### AIM OF THE EXERCISE
Return, from the data that follows, each line that holds the word "para".

### INFORMATION SHOWN
--- --- ---

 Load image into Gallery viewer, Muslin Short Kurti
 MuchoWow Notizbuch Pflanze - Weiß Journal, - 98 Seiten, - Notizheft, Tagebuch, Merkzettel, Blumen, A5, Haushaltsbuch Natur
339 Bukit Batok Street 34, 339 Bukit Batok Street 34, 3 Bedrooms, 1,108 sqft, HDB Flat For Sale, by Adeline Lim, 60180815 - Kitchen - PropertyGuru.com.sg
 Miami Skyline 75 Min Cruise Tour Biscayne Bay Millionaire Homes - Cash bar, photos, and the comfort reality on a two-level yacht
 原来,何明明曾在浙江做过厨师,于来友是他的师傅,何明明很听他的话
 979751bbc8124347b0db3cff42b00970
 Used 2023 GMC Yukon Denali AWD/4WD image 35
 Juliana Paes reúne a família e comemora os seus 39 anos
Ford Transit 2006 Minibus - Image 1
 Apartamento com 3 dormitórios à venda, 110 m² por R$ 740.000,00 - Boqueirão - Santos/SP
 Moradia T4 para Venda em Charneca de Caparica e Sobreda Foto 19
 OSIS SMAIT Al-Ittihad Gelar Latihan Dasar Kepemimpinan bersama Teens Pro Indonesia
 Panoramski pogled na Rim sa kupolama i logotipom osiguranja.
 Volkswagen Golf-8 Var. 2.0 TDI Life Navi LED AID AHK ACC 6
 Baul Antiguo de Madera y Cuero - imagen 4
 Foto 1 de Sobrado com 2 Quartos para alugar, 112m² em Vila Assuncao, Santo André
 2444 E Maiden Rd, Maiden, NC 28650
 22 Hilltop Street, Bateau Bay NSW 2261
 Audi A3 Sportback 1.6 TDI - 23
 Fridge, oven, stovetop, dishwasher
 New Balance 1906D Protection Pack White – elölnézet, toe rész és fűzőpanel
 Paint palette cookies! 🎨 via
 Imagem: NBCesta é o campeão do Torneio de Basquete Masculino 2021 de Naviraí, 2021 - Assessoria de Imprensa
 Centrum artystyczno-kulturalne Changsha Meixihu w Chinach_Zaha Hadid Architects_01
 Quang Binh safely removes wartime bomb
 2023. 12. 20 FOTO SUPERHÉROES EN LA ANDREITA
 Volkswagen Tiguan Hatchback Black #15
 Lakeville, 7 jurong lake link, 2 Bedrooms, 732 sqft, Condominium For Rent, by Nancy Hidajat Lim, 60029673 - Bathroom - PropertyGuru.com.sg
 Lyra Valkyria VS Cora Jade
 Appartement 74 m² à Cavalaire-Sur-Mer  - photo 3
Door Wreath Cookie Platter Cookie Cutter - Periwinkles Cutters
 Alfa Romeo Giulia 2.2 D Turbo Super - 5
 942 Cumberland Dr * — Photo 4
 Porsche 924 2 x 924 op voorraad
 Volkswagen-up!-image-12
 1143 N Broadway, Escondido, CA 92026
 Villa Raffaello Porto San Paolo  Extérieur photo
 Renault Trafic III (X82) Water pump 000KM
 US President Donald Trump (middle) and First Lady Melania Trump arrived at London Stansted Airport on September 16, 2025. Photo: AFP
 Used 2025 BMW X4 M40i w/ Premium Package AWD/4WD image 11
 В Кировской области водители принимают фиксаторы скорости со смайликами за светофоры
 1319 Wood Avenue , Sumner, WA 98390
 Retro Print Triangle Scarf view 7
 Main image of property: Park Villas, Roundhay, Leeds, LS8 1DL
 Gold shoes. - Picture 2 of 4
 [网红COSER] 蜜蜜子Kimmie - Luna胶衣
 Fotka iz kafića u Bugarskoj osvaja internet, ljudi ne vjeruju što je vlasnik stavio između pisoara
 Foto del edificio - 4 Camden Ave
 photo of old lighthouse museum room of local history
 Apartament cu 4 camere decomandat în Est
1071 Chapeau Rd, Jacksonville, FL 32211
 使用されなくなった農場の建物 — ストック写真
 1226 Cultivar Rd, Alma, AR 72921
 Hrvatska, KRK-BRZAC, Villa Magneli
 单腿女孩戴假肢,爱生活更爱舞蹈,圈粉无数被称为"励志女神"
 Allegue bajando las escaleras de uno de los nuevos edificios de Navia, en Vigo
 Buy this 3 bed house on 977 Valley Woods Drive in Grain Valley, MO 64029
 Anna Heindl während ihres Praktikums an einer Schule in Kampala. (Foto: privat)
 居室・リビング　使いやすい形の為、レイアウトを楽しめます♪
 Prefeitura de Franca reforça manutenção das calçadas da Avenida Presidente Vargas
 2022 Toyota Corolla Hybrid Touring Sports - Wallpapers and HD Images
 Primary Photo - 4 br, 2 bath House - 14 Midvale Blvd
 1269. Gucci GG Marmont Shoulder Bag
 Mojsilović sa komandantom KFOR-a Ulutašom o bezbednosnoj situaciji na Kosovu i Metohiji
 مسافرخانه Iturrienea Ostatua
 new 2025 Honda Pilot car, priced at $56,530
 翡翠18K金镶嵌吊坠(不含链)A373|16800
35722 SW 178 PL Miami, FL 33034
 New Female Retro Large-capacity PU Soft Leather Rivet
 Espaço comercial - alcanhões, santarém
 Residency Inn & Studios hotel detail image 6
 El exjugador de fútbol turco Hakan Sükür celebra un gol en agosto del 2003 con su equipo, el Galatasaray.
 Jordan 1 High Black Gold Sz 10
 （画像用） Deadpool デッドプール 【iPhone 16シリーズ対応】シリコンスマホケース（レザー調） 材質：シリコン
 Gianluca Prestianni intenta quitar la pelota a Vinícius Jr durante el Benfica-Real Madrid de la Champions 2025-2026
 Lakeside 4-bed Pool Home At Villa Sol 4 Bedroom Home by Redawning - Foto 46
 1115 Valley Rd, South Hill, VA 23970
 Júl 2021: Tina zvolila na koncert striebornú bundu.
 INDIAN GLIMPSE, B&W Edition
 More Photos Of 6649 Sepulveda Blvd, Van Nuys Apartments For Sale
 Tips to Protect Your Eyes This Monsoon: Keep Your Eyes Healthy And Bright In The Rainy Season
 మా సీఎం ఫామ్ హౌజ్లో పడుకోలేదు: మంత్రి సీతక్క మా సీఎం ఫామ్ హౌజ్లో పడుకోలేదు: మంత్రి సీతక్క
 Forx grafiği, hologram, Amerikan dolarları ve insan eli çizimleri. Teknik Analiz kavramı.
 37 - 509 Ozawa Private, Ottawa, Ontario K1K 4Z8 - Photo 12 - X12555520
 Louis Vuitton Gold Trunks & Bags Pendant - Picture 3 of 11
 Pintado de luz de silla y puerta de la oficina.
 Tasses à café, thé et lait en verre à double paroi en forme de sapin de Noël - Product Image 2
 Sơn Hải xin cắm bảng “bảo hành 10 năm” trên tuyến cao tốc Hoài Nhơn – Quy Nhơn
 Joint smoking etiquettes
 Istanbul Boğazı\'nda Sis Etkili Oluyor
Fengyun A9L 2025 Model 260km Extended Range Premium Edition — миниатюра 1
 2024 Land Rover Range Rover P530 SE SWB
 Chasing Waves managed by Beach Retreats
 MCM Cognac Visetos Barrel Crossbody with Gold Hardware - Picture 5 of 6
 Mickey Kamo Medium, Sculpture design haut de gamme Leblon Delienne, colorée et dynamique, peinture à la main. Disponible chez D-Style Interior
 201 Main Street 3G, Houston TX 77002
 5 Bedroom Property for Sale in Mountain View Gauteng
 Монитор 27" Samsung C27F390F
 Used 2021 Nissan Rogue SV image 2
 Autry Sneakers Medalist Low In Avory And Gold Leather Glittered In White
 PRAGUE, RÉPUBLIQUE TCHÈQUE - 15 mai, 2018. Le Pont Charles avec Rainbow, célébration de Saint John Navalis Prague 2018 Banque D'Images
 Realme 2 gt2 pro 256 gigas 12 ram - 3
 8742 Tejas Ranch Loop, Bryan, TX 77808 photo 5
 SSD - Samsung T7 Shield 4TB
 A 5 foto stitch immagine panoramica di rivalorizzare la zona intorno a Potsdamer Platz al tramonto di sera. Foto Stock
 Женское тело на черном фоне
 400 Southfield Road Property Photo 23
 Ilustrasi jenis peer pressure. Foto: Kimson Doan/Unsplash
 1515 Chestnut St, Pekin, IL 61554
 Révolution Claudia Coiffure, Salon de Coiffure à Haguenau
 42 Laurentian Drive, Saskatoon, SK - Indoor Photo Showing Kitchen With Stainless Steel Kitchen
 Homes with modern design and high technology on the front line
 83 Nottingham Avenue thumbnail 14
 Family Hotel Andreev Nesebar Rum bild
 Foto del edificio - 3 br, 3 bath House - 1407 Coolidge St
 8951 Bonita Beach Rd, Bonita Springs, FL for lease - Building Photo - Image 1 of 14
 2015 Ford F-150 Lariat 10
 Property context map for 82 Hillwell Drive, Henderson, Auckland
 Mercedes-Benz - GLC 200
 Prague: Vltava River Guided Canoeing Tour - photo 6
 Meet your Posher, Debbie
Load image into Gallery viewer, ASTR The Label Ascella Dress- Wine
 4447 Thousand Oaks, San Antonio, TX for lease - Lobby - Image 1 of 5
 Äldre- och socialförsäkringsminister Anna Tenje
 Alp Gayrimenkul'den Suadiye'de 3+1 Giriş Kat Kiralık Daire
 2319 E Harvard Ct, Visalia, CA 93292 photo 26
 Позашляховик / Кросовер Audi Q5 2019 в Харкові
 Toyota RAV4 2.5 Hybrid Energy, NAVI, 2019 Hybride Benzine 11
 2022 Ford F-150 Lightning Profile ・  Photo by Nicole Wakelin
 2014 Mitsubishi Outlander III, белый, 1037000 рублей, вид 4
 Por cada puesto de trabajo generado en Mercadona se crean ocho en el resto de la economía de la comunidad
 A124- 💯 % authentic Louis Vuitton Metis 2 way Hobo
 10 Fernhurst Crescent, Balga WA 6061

--- --- ---

### RESULT
 Moradia T4 para Venda em Charneca de Caparica e Sobreda Foto 19
 Foto 1 de Sobrado com 2 Quartos para alugar, 112m² em Vila Assuncao, Santo André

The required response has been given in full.